_Description of the task:_
Whatever lies between the line that holds "Danny (Donnie Wahlberg, r.)" and the final line of the records below, both included, should be repeated exactly; leave out the pictures and add nothing.

-=-=-

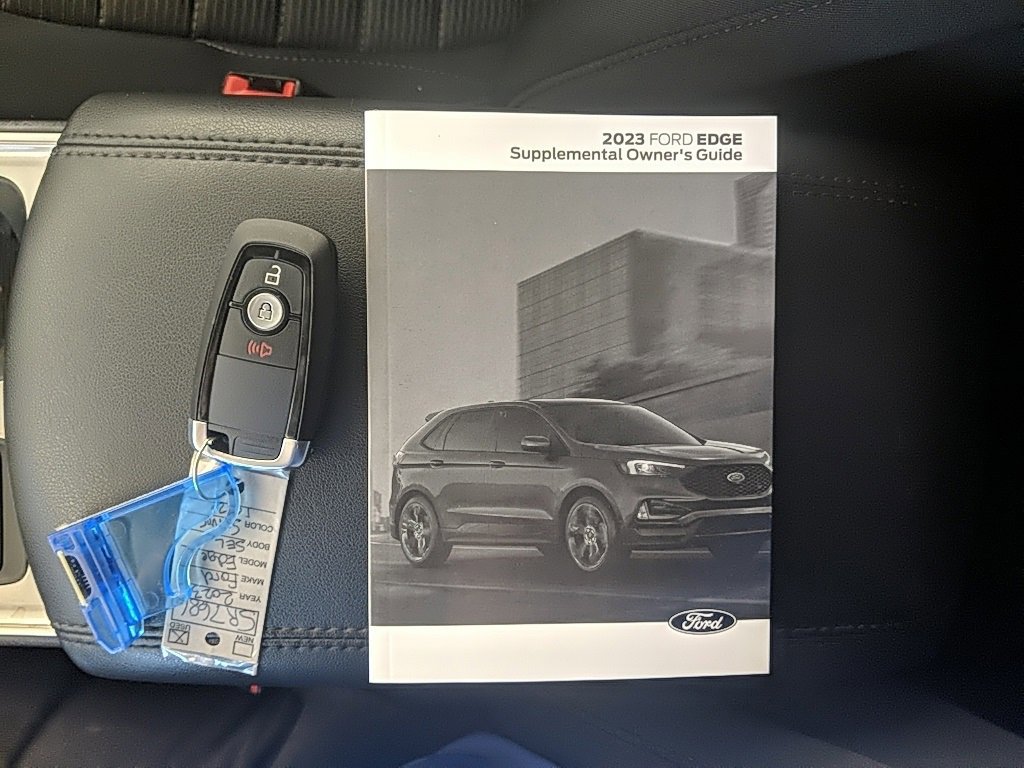 Certified 2023 Ford Edge SEL image 24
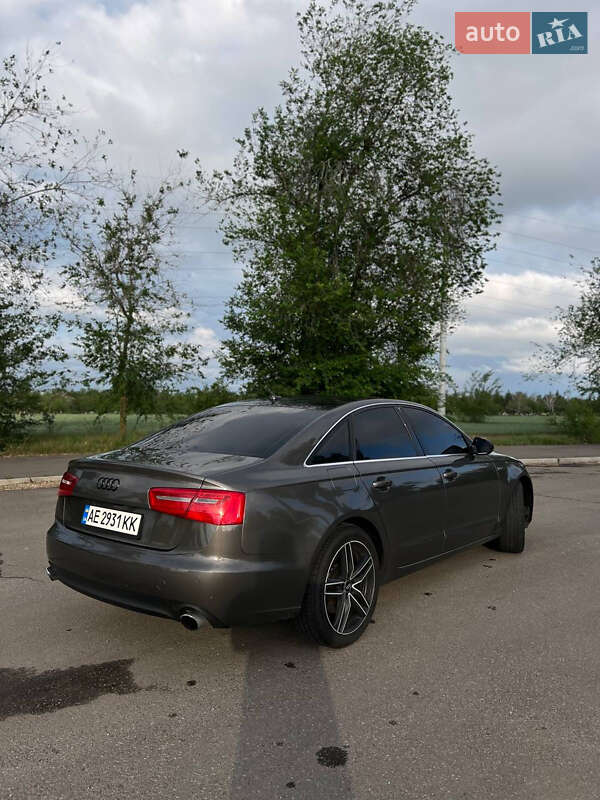Седан Audi A6 2011 в Кривом Роге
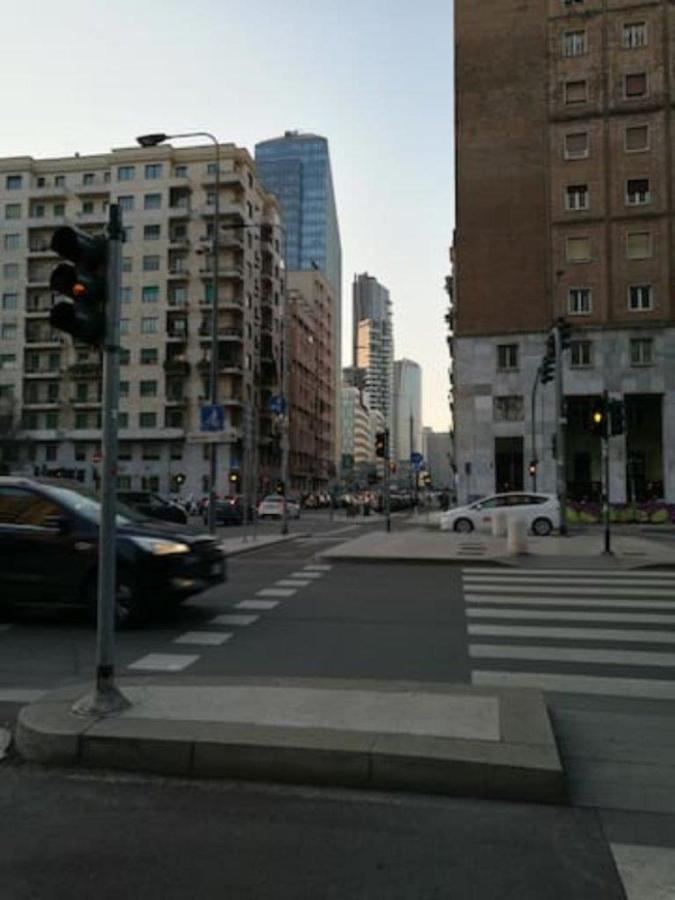 Suite Metro Stazione Centrale / Repubblica Milão Exterior foto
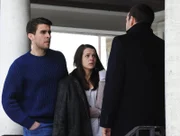 Danny (Donnie Wahlberg, r.) und Baez übernehmen einen Fall, bei dem Jugendliche in einem Spiel ahnungslose Mitbürger attackieren, wie die schwangere Stephanie (Rose Hemingway, M.) und ihren Mann Mike (Josh Segarra, l.) ...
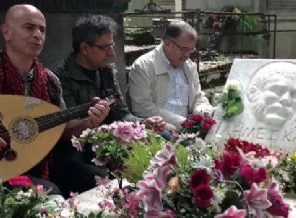Ahmet Kaya ve Yılmaz Güney'in mezarlarında şarkı söyledi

-=-=-

_Answer below:_
 Danny (Donnie Wahlberg, r.) und Baez übernehmen einen Fall, bei dem Jugendliche in einem Spiel ahnungslose Mitbürger attackieren, wie die schwangere Stephanie (Rose Hemingway, M.) und ihren Mann Mike (Josh Segarra, l.) ...
Ahmet Kaya ve Yılmaz Güney'in mezarlarında şarkı söyledi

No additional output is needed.